Zeros of Random Analytic Functions

TL;DR

This thesis explores zeros of random analytic functions, including Gaussian and non-Gaussian types, analyzing their distribution, stationarity, asymptotic behavior, and large deviations across different geometric domains.

Contribution

It introduces methods to generate non-Gaussian stationary zero sets and studies their distribution, asymptotic properties, and large deviations, extending the understanding of random analytic functions.

Findings

Zero sets can be stationary in various symmetric spaces.

Distribution of zeros can belong to determinantal point processes.

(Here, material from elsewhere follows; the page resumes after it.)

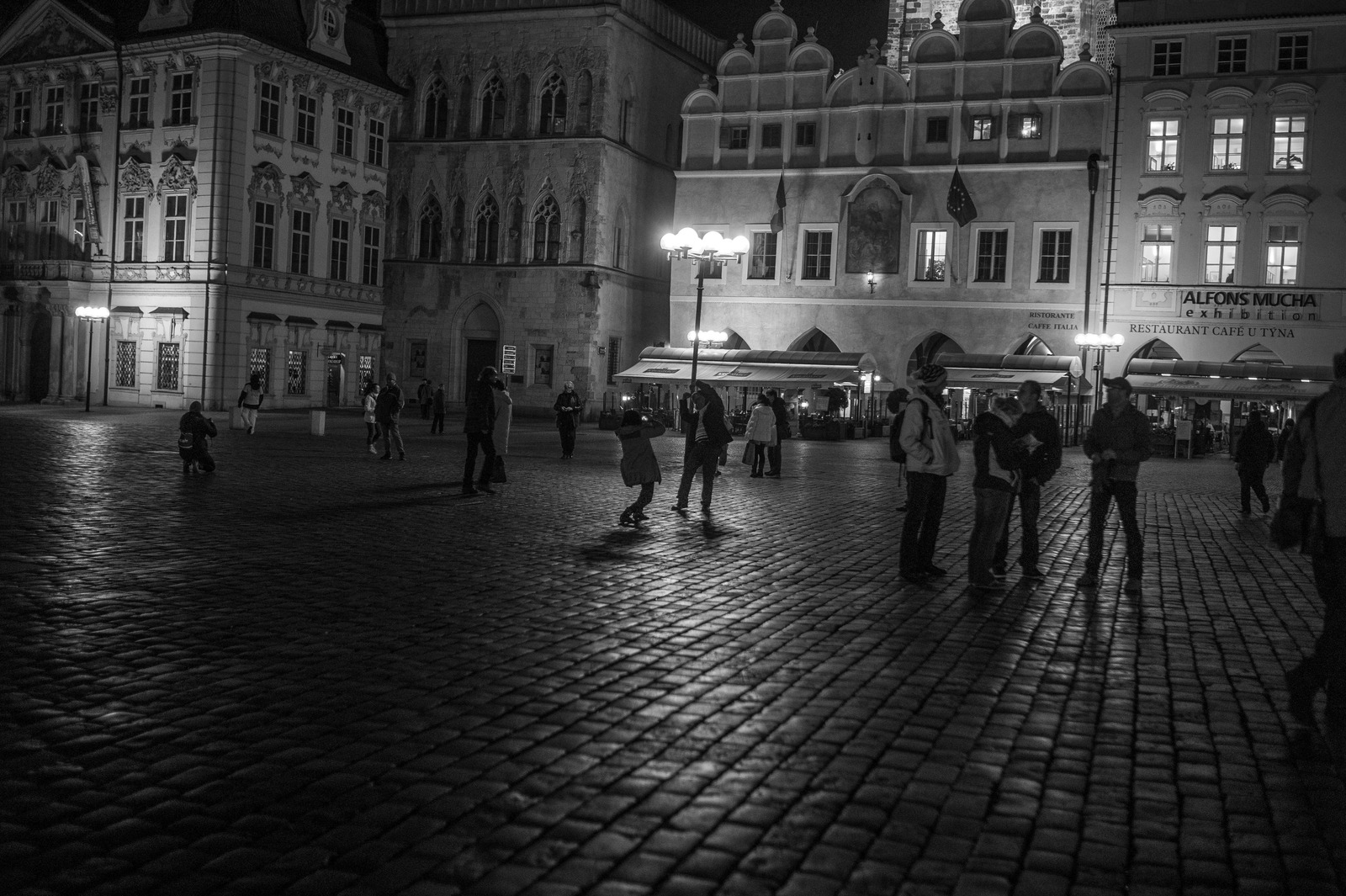 Nighttime Gathering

Asymptotic normality holds for smooth statistics of zeros.

Abstract

The dominant theme of this thesis is that random matrix valued analytic functions, generalizing both random matrices and random analytic functions, for many purposes can (and perhaps should) be effectively studied in that level of generality. We study zeros of random analytic functions in one complex variable. It is known that there is a one parameter family of Gaussian analytic functions with zero sets that are stationary in each of the three symmetric spaces, namely the plane, the sphere and the unit disk, under the corresponding group of isometries. We show a way to generate non Gaussian random analytic functions whose zero sets are also stationary in the same domains. There are particular cases where the exact distribution of the zero set turns out to belong to an important class of point processes known as determinantal point processes. Apart from questions regarding the exact distribution of zero sets, we also study certain asymptotic properties. We show asymptotic normality for smooth statistics applied to zeros of these random analytic functions. Lastly, we present some results on certain large deviation problems for the zeros of the planar and hyperbolic Gaussian analytic functions.